— What is being asked —
Could you restate word for word every line of the records below, from the first one to the one holding "Lent 2025 Catholic Calendar"?
----
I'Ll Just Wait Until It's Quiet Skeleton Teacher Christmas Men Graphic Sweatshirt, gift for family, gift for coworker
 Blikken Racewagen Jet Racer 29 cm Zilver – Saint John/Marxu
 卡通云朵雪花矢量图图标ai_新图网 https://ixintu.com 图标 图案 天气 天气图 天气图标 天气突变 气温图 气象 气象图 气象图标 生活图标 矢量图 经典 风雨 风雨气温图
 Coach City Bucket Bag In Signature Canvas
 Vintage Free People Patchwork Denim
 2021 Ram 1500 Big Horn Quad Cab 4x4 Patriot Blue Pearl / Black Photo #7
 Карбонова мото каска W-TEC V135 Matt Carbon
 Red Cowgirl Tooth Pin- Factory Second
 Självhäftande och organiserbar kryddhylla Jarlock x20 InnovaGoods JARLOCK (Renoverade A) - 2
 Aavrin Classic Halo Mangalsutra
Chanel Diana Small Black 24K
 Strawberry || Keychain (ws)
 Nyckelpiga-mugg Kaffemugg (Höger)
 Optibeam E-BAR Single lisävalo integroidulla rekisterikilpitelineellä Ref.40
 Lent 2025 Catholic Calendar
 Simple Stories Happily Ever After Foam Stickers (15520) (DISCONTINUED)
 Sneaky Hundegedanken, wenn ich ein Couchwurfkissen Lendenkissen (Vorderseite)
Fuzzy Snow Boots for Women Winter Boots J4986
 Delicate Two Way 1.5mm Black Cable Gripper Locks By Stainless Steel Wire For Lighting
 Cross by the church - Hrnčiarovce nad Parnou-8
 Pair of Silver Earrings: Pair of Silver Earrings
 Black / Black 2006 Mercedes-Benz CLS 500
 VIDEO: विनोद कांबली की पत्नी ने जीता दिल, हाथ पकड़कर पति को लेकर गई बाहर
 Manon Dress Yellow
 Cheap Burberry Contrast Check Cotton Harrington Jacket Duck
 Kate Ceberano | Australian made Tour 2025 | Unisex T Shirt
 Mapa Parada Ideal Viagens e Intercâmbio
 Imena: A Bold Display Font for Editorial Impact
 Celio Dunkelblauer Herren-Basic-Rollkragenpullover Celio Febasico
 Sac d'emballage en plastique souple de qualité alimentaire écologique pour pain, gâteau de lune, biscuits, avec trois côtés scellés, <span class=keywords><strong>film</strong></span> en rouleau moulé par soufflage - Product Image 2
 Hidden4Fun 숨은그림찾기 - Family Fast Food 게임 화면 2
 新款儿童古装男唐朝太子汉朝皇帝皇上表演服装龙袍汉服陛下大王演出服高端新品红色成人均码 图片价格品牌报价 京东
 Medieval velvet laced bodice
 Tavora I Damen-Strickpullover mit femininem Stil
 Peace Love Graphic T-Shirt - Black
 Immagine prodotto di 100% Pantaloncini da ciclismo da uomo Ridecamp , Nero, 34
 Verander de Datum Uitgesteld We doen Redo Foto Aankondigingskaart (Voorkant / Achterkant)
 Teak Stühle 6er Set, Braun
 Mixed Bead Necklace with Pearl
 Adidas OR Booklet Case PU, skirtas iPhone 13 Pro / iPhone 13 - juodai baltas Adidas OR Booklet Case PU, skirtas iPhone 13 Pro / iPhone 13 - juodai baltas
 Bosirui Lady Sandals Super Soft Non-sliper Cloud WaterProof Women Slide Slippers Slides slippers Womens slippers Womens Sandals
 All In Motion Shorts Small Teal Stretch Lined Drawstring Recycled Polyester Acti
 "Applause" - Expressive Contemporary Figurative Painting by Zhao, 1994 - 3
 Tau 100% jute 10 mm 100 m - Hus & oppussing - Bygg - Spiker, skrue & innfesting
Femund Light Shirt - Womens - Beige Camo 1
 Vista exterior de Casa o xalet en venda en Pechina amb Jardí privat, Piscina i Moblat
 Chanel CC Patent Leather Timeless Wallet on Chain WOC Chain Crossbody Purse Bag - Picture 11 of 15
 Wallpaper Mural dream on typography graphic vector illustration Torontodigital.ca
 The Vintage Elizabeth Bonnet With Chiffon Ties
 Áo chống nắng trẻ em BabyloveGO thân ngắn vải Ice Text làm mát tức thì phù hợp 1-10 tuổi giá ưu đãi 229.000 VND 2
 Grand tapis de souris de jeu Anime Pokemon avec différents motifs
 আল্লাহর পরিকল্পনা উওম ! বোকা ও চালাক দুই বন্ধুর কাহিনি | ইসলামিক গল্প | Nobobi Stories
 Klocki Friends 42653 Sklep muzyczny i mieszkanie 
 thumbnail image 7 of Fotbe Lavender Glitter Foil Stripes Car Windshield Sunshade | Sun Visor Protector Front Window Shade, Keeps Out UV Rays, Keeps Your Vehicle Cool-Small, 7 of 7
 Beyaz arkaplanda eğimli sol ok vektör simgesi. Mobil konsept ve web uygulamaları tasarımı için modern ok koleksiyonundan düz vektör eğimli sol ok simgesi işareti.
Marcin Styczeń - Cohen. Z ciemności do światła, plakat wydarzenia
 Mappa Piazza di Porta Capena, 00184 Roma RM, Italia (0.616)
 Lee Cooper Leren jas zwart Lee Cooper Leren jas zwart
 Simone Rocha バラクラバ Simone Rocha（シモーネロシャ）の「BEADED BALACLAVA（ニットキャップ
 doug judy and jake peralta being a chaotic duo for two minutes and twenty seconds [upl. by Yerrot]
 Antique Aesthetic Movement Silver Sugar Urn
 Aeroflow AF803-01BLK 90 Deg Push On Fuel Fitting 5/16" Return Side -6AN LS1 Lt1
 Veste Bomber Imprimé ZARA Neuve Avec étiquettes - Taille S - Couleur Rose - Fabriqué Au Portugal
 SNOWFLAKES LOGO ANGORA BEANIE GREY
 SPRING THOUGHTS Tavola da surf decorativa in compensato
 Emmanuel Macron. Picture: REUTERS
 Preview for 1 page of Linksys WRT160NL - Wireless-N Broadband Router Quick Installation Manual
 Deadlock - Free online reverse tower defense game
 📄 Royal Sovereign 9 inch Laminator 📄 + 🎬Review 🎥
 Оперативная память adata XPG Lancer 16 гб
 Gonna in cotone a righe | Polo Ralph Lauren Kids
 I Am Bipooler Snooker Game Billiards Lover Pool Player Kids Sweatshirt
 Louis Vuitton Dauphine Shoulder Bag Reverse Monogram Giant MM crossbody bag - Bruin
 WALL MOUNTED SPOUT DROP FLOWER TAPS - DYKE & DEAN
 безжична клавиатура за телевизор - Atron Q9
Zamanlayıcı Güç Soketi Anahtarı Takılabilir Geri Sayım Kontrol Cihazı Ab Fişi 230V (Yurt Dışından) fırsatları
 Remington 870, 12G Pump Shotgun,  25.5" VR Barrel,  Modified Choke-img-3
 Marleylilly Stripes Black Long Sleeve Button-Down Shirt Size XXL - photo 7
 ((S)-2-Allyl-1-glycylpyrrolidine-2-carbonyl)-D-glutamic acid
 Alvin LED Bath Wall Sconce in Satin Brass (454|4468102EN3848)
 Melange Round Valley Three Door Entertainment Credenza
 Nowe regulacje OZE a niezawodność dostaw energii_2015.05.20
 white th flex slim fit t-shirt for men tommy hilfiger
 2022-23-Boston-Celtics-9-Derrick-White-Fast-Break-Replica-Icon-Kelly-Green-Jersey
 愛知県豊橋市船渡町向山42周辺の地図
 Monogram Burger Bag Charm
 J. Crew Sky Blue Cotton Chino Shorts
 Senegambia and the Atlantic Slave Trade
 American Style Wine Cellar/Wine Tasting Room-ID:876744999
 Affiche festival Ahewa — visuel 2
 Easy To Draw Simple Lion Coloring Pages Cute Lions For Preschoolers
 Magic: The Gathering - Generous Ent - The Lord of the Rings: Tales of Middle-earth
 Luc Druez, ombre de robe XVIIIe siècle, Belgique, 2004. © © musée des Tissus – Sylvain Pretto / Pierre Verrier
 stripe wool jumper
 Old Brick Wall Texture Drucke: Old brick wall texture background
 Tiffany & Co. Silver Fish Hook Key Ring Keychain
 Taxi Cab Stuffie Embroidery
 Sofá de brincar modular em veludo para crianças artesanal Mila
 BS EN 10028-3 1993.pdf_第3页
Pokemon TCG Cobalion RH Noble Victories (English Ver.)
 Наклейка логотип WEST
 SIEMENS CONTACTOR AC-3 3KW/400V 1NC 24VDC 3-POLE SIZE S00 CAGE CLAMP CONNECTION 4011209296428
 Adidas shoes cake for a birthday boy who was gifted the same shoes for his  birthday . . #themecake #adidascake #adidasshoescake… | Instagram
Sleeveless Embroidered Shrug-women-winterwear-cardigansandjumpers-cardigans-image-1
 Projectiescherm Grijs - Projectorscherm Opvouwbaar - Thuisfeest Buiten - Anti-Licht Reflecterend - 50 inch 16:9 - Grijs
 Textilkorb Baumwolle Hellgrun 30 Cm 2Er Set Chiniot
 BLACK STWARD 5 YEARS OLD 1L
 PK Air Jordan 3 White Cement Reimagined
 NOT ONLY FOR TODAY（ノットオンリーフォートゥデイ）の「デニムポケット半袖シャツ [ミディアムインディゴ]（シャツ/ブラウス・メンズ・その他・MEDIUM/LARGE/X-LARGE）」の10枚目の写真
----
— Result of this exercise —
I'Ll Just Wait Until It's Quiet Skeleton Teacher Christmas Men Graphic Sweatshirt, gift for family, gift for coworker
 Blikken Racewagen Jet Racer 29 cm Zilver – Saint John/Marxu
 卡通云朵雪花矢量图图标ai_新图网 https://ixintu.com 图标 图案 天气 天气图 天气图标 天气突变 气温图 气象 气象图 气象图标 生活图标 矢量图 经典 风雨 风雨气温图
 Coach City Bucket Bag In Signature Canvas
 Vintage Free People Patchwork Denim
 2021 Ram 1500 Big Horn Quad Cab 4x4 Patriot Blue Pearl / Black Photo #7
 Карбонова мото каска W-TEC V135 Matt Carbon
 Red Cowgirl Tooth Pin- Factory Second
 Självhäftande och organiserbar kryddhylla Jarlock x20 InnovaGoods JARLOCK (Renoverade A) - 2
 Aavrin Classic Halo Mangalsutra
Chanel Diana Small Black 24K
 Strawberry || Keychain (ws)
 Nyckelpiga-mugg Kaffemugg (Höger)
 Optibeam E-BAR Single lisävalo integroidulla rekisterikilpitelineellä Ref.40
 Lent 2025 Catholic Calendar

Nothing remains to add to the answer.